An Exegetical Reflection on the Gospel of the Fourth Sunday in Ordinary Time, Year C, Luke 4:16-30, February 3, 2013

THE PHILIPPINES IS basically an agricultural country; it is not an industrialized one.  But it is a country where most people are suffering because, as the Second Plenary Council of the Philippines noted, realities of injustice are embedded in its political, economic and cultural systems.  Take for example the economic condition, which is tragically characterized by an appalling mass poverty.  “Such an abnormal economic situation is partly attributable to inequitable ownership of assets particularly land, to an oligarchic power system, to misconceived economic policies, to the prevailing economic structures, and to population growth which tends to be concentrated among the poor, increasing the competition among them for land and unskilled jobs.  Thus economic gains do not ‘trickle down’ to the poor.”  In face of such a situation, what ought to be the stance of a Christian?

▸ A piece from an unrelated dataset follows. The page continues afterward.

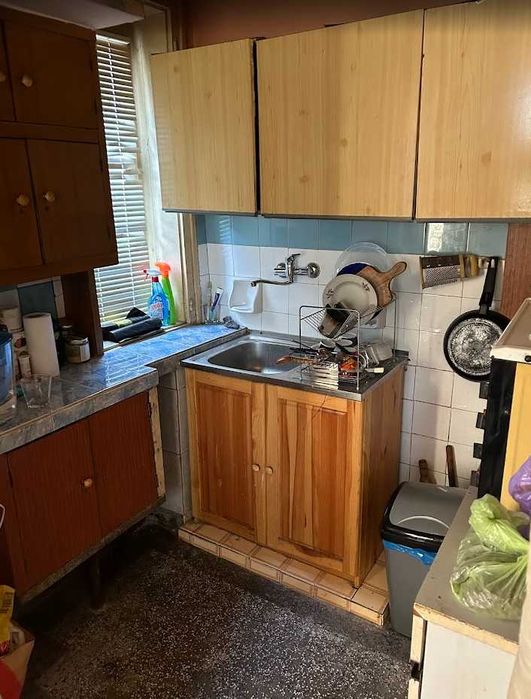 Продава се Многостаен апартамент в Габрово, Център - 100 кв.м за 832 €/кв.м - Снимка #3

            If, as noted in last Sunday’s Gospel, Jesus had a pro-poor program, we, as a Christian community, should follow suit by opting for the poor, denouncing how unjust such a situation is, and proclaiming that, as a sign that the Kingdom of God has entered into our Philippine society, such an abnormal economic condition has to be reversed.  According to the Compendium of the Social Teaching of the Church, “The fight against poverty finds strong motivation in the option or preferential love of the Church for the poor.”  No wonder, when he addressed the people of the sugar plantation in Bacolod City on Feb 21, 1981, John Paul II said: “The Church will not hesitate to take up the cause of the poor and to become the voice of those who are not listened in when they speak up; not to demand charity but to ask for justice.  Yes, the preference for the poor is the Christian preference!”  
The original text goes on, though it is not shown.